*** Opening of DATA EXTRACTS ***
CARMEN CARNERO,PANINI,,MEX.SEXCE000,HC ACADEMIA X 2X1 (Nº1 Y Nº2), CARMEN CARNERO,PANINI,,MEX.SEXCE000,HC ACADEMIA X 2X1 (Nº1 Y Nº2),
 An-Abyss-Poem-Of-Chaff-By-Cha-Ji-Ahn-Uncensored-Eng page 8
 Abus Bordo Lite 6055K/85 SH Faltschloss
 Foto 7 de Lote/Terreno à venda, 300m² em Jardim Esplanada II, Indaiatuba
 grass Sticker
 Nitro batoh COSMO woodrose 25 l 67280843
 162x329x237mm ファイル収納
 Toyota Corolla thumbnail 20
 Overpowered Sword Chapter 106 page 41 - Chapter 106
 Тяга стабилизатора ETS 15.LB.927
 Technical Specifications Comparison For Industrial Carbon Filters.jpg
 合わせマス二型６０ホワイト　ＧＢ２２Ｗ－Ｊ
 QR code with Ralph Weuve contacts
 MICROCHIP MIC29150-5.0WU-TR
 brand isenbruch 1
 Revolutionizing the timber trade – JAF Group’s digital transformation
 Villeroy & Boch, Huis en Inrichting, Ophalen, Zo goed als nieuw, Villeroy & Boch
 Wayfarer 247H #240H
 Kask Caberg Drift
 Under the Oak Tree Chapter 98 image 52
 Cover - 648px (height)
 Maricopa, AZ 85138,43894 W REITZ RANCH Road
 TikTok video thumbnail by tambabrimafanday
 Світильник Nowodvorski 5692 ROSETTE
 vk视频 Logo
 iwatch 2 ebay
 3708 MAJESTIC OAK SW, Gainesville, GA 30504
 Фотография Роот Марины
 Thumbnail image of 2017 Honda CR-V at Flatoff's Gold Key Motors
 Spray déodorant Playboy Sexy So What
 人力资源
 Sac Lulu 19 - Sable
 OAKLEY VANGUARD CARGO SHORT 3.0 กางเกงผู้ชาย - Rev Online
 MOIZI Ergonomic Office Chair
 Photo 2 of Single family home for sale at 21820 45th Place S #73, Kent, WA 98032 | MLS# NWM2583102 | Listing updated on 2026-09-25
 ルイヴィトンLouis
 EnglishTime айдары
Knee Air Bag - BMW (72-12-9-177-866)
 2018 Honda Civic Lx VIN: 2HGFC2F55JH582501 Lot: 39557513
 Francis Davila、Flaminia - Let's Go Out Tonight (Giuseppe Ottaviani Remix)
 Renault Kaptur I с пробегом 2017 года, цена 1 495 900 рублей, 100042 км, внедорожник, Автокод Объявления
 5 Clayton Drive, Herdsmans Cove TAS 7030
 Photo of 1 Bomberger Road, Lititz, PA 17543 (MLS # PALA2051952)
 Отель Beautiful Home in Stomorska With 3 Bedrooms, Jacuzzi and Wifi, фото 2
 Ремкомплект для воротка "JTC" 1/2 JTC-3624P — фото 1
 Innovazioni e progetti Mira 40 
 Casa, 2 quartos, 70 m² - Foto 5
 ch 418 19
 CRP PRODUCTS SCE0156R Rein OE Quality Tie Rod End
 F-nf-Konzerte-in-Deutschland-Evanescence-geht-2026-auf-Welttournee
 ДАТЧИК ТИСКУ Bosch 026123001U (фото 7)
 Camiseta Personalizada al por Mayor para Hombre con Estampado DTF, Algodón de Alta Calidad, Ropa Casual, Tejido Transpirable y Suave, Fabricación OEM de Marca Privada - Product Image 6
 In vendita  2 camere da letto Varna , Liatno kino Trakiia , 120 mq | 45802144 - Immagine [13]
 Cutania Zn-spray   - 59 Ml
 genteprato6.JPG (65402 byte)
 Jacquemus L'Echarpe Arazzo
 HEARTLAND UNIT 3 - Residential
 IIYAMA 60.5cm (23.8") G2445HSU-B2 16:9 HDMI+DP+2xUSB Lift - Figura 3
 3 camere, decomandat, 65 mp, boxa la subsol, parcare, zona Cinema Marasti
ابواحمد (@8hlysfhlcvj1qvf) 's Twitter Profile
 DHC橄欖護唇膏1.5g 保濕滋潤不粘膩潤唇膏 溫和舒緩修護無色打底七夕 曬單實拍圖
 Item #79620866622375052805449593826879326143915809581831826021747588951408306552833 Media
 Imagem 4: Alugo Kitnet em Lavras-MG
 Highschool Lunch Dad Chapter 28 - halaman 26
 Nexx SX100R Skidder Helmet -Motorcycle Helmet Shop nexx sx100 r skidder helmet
*** Close of DATA EXTRACTS ***
Print every line you see above, exactly as written.

CARMEN CARNERO,PANINI,,MEX.SEXCE000,HC ACADEMIA X 2X1 (Nº1 Y Nº2), CARMEN CARNERO,PANINI,,MEX.SEXCE000,HC ACADEMIA X 2X1 (Nº1 Y Nº2),
 An-Abyss-Poem-Of-Chaff-By-Cha-Ji-Ahn-Uncensored-Eng page 8
 Abus Bordo Lite 6055K/85 SH Faltschloss
 Foto 7 de Lote/Terreno à venda, 300m² em Jardim Esplanada II, Indaiatuba
 grass Sticker
 Nitro batoh COSMO woodrose 25 l 67280843
 162x329x237mm ファイル収納
 Toyota Corolla thumbnail 20
 Overpowered Sword Chapter 106 page 41 - Chapter 106
 Тяга стабилизатора ETS 15.LB.927
 Technical Specifications Comparison For Industrial Carbon Filters.jpg
 合わせマス二型６０ホワイト　ＧＢ２２Ｗ－Ｊ
 QR code with Ralph Weuve contacts
 MICROCHIP MIC29150-5.0WU-TR
 brand isenbruch 1
 Revolutionizing the timber trade – JAF Group’s digital transformation
 Villeroy & Boch, Huis en Inrichting, Ophalen, Zo goed als nieuw, Villeroy & Boch
 Wayfarer 247H #240H
 Kask Caberg Drift
 Under the Oak Tree Chapter 98 image 52
 Cover - 648px (height)
 Maricopa, AZ 85138,43894 W REITZ RANCH Road
 TikTok video thumbnail by tambabrimafanday
 Світильник Nowodvorski 5692 ROSETTE
 vk视频 Logo
 iwatch 2 ebay
 3708 MAJESTIC OAK SW, Gainesville, GA 30504
 Фотография Роот Марины
 Thumbnail image of 2017 Honda CR-V at Flatoff's Gold Key Motors
 Spray déodorant Playboy Sexy So What
 人力资源
 Sac Lulu 19 - Sable
 OAKLEY VANGUARD CARGO SHORT 3.0 กางเกงผู้ชาย - Rev Online
 MOIZI Ergonomic Office Chair
 Photo 2 of Single family home for sale at 21820 45th Place S #73, Kent, WA 98032 | MLS# NWM2583102 | Listing updated on 2026-09-25
 ルイヴィトンLouis
 EnglishTime айдары
Knee Air Bag - BMW (72-12-9-177-866)
 2018 Honda Civic Lx VIN: 2HGFC2F55JH582501 Lot: 39557513
 Francis Davila、Flaminia - Let's Go Out Tonight (Giuseppe Ottaviani Remix)
 Renault Kaptur I с пробегом 2017 года, цена 1 495 900 рублей, 100042 км, внедорожник, Автокод Объявления
 5 Clayton Drive, Herdsmans Cove TAS 7030
 Photo of 1 Bomberger Road, Lititz, PA 17543 (MLS # PALA2051952)
 Отель Beautiful Home in Stomorska With 3 Bedrooms, Jacuzzi and Wifi, фото 2
 Ремкомплект для воротка "JTC" 1/2 JTC-3624P — фото 1
 Innovazioni e progetti Mira 40 
 Casa, 2 quartos, 70 m² - Foto 5
 ch 418 19
 CRP PRODUCTS SCE0156R Rein OE Quality Tie Rod End
 F-nf-Konzerte-in-Deutschland-Evanescence-geht-2026-auf-Welttournee
 ДАТЧИК ТИСКУ Bosch 026123001U (фото 7)
 Camiseta Personalizada al por Mayor para Hombre con Estampado DTF, Algodón de Alta Calidad, Ropa Casual, Tejido Transpirable y Suave, Fabricación OEM de Marca Privada - Product Image 6
 In vendita  2 camere da letto Varna , Liatno kino Trakiia , 120 mq | 45802144 - Immagine [13]
 Cutania Zn-spray   - 59 Ml
 genteprato6.JPG (65402 byte)
 Jacquemus L'Echarpe Arazzo
 HEARTLAND UNIT 3 - Residential
 IIYAMA 60.5cm (23.8") G2445HSU-B2 16:9 HDMI+DP+2xUSB Lift - Figura 3
 3 camere, decomandat, 65 mp, boxa la subsol, parcare, zona Cinema Marasti
ابواحمد (@8hlysfhlcvj1qvf) 's Twitter Profile
 DHC橄欖護唇膏1.5g 保濕滋潤不粘膩潤唇膏 溫和舒緩修護無色打底七夕 曬單實拍圖
 Item #79620866622375052805449593826879326143915809581831826021747588951408306552833 Media
 Imagem 4: Alugo Kitnet em Lavras-MG
 Highschool Lunch Dad Chapter 28 - halaman 26
 Nexx SX100R Skidder Helmet -Motorcycle Helmet Shop nexx sx100 r skidder helmet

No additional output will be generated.